You are viewing a plain text version of this content. The canonical link for it is here.

Posted to user@uima.apache.org by "Kline, Larry" <La...@mckesson.com> on 2014/04/01 22:01:49 UTC

RE: FilteredIterator is very slow

Thomas,

Thanks for the suggestions.  Before I read your email I happened on this method, FSUtil.getAnnotationsIteratorInSpan(aJCas, annotationType, begin, end).  I pass it the typeId of the type I want to check and the begin and end of the dictTerm's span.  I need to run some tests to make sure it is doing what I assume it is, but if it is correct, it has much better performance than my previous code.  Perhaps this is using the method you suggest.  Yes, my dictTerms are much more numerous than the filter types but currently iterate over them one at a time in the caller, ask if any of the filter types overlaps, and if so discard it.  If it's not discarded I go on to do other things with it.  I could probably preprocess the dictTerms first by checking them for overlap against the filter types and remove the matches.  Why do you think this would be faster?  Isn't it MxN versus NxM?

Thanks again,
Larry

-----Original Message-----
From: Thomas Ginter [mailto:thomas.ginter@utah.edu] 
Sent: Monday, March 31, 2014 12:56 PM
To: user@uima.apache.org
Subject: Re: FilteredIterator is very slow

Larry,

A faster way to get the list of types that you will skip would be to do the following:

FSIndex<TitlePersonHonorificAnnotation> titlePersonHAIndex = aJCas.getAnnotationIndex(TitlePersonHonorificAnnotation.type);

Doing this for each type will yield an index that points to just the annotations in the CAS of each type you are interested in.  From there you can get an iterator reference ( titlePersonHAIndex.iterator() ) and either traverse each one separately or else add them to a common Collection such as an ArrayList and iterate through that.  You could also take advantage of the fact that the default index in UIMA sorts on ascending order on the begin index and descending order on the ending index to stop once you have traversed the list past the ending index of the dictTerm.  
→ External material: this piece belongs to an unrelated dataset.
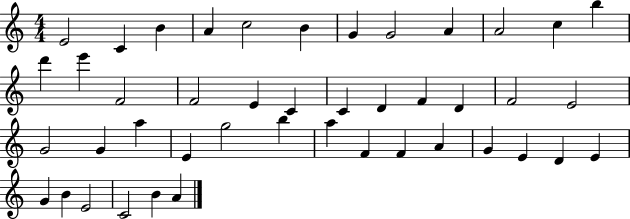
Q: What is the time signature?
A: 4/4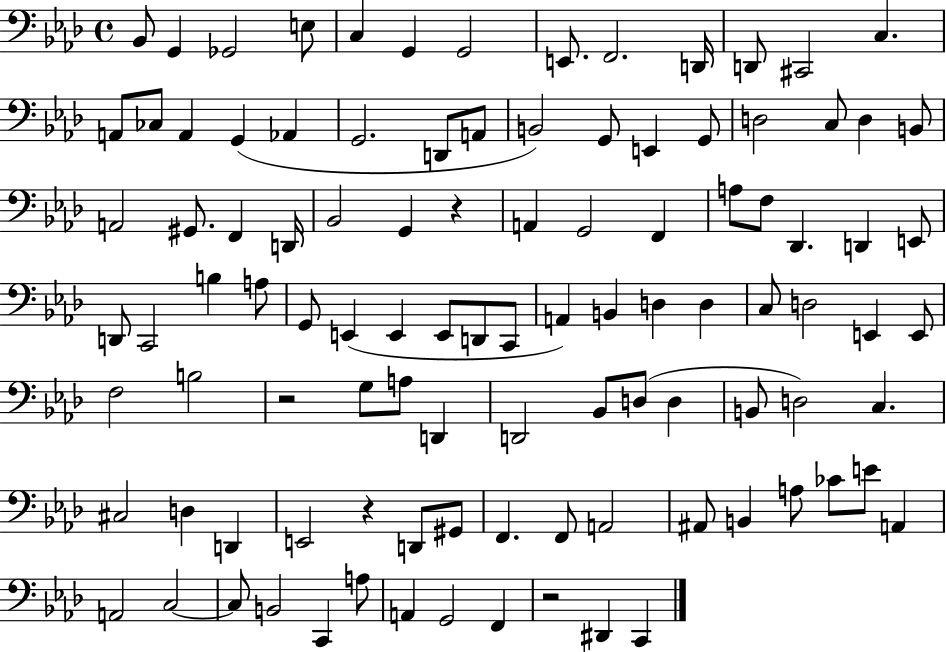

An important design decision though would be to consider whether the dictTerm annotations are much more numerous than the TitlePersonHonorificAnnotation, MeasurementAnnotation, and ProgFactorTerm filtering annotation types.  Generally if the filter types are much more plentiful and the dictTerm type was more rare then looking for overlapping filter types will yield fewer iterations of your algorithm, however if there are a lot of dictTerm occurrences and only a few of the filter types then it may be more efficient to iterate through the filter types and eliminate dictTerms that overlap or are covered.  

Thanks,

Thomas Ginter
801-448-7676
thomas.ginter@utah.edu

On Mar 31, 2014, at 11:47 AM, Kline, Larry <La...@mckesson.com> wrote:

> When I use a filtered FSIterator it's an order of magnitude slower than a non-filtered iterator.  Here's my code:
> 
> Create the iterator:
>       private FSIterator<Annotation> createConstrainedIterator(JCas aJCas) throws CASException {
>              FSIterator<Annotation> it = aJCas.getAnnotationIndex().iterator();
>              FSTypeConstraint constraint = aJCas.getConstraintFactory().createTypeConstraint();
>              constraint.add((new TitlePersonHonorificAnnotation(aJCas)).getType());
>              constraint.add((new MeasurementAnnotation(aJCas)).getType());
>              constraint.add((new ProgFactorTerm(aJCas)).getType());
>              it = aJCas.createFilteredIterator(it, constraint);
>              return it;
>       }
> Use the iterator:
>       public void process(JCas aJCas) throws AnalysisEngineProcessException {
>              ...
> // The following is done in a loop
>                           if (shouldSkip(dictTerm, skipIter))
>                                  continue;
>              ...
>       }
> Here's the method called:
>       private boolean shouldSkip(G2DictTerm dictTerm, FSIterator<Annotation> skipIter) throws CASException {
>              boolean shouldSkip = false;
>              skipIter.moveToFirst();
>              while (skipIter.hasNext()) {
>                     Annotation annotation = skipIter.next();
>                     if (UIMAUtils.annotationsOverlap(dictTerm, annotation)) {
>                           shouldSkip = true;
>                           break;
>                     }
>              }
>              return shouldSkip;
>       }
> 
> If I change the method, createConstrainedIterator(), to this (that is, no constraints):
>       private FSIterator<Annotation> createConstrainedIterator(JCas aJCas) throws CASException {
>              FSIterator<Annotation> it = aJCas.getAnnotationIndex().iterator();
>              return it;
>       }
> 
> It runs literally 10 times faster.  Doing some profiling I see that all of the time is spent in the skipIter.moveToFirst() call.  I also tried creating the filtered iterator each time anew in the shouldSkip() method instead of passing it in, but that has even slightly worse performance.
> 
> Given this performance I suppose I should probably use a non-filtered iterator and just check for the types I'm interested in inside the loop.
> 
> Any other suggestions welcome.
> 
> Thanks,
> Larry Kline
> 
>

Re: FilteredIterator is very slow

Posted by Thomas Ginter <th...@utah.edu>.

Larry,

The FSUtil method looks like a good option.  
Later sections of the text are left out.